Varnish finishes from the past offered a little protection, but not a lot. Newer finishes such as pre-catalyzed and post-catalyzed lacquers can offer a lot of protection against damage from cold glasses being set down with no coaster, as well as warm items like plates or coffee cups. Nothing HOT should be placed on any finished wooden furniture.
Great care should be taken when using solvents such as alcohol, nail polish remover, perfume/cologne, or any toxic chemical around fine furniture. Nail polish remover is nothing more than liquid paint/finish remover in a small bottle, and will remove finish in an instant. An investment in fine furniture can turn to a nightmare in a short time if the wrong liquid is spilled, or any other type of spill is not taken care of promptly. On the other hand, it can be an investment that will bring you enjoyment for years to come if cared for properly.
Polishing & Clean Up
The type of finish you have will determine the
method of polishing needed. With a linseed or teak oil finish only, dust and re-apply oil. With
older finishes that are just beginning to show their age, a polish with lemon
oil is appropriate. With newer lacquer or urethane finishes, applying oil is doing nothing more than
giving you that greasy feeling, and softening the finish which may get cloudy. Most polishes today have silicone in them as
well as wax. You should dust or clean before polishing. Contaminants are always
airborne in a home. Dust, grease from cooking, hand oils, etc. will always be
there. Dust first, THEN polish, so you don't grind in these elements.

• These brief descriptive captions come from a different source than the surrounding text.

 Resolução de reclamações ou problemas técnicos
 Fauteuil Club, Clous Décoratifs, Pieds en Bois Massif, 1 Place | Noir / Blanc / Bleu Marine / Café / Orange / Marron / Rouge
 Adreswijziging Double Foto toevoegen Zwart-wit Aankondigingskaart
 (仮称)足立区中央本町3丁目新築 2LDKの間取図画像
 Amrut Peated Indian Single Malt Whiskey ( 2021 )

One of the most frequently asked questions is, "How do I take care of my
furniture now that it's been refinished"? The fact that the furniture has
been refinished and now has an adequate protective coating is in itself, very
helpful. A good protective coating reduces the exchange of moisture between the
wood and the air, which helps eliminate expansion and contraction of the wood,
which can lead to cracking, warping, and failure of glue joints.

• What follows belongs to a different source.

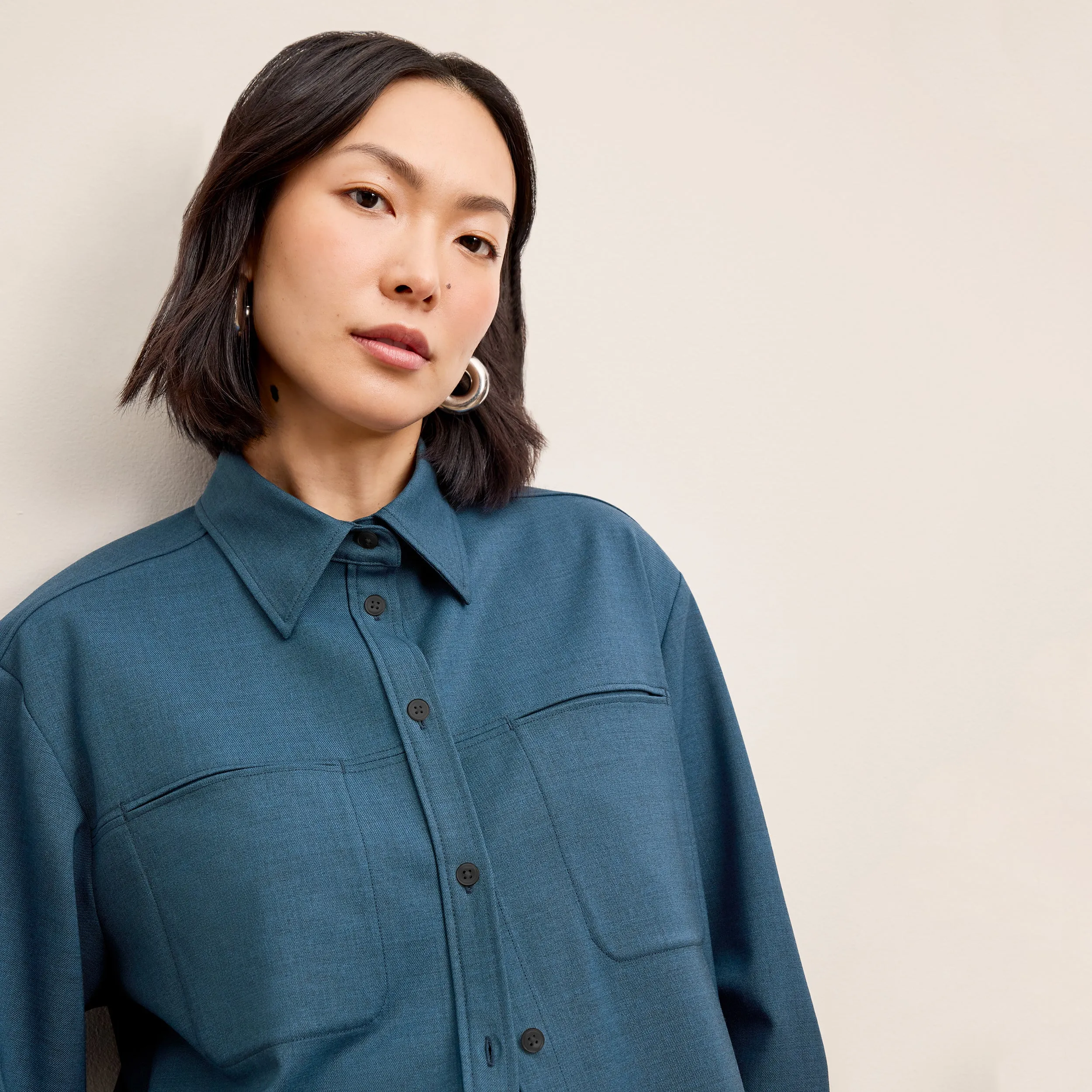 Russell Button Down - Washable Wool Twill :: Bluebell HeatRetentionTechnology Autumn Ready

This is why in addition to the multiple coats of finish we apply to all exposed
surfaces, we make sure to apply at least one coat of finish to areas you don't
even see, like the underside of table tops, inside dresser casings, and under
the seats.
Once all this protective finish is applied to your furniture, the only thing
left to do is to protect the finish.
The lacquer finish we apply requires very
little care. Use a good quality polish on all exposed surfaces about four times
a year. Use a water-emulsified furniture polish. A water-emulsified furniture
polish cleans oily based dirt as well as water-soluble dirt like food. Some
examples of this type of polish is Guardsman or Pledge. Make sure you always
buff off any excess polish with a dry rag every time you apply it. Otherwise,
you are sure to get a wax build-up. If you do get a wax build-up after time, you
can use Murphy's Oil Soap diluted with warm water to clean off the build-up,
then re-polish to get the shine back. This sometimes takes more than one
application. Murphy's Oil is a soap that you dilute with water, has been around
for years, and can be purchased in most stores.
What polish should you buy? Most polishes today are fairly similar, but some are better than others. We tend to recommend Old English Lemon Crème in the aerosol can. It freshens up the look and has a mild abrasive in it to remove some of the old wax previously applied. It leaves a smooth look and is not greasy when wiped off with a clean rag after spreading.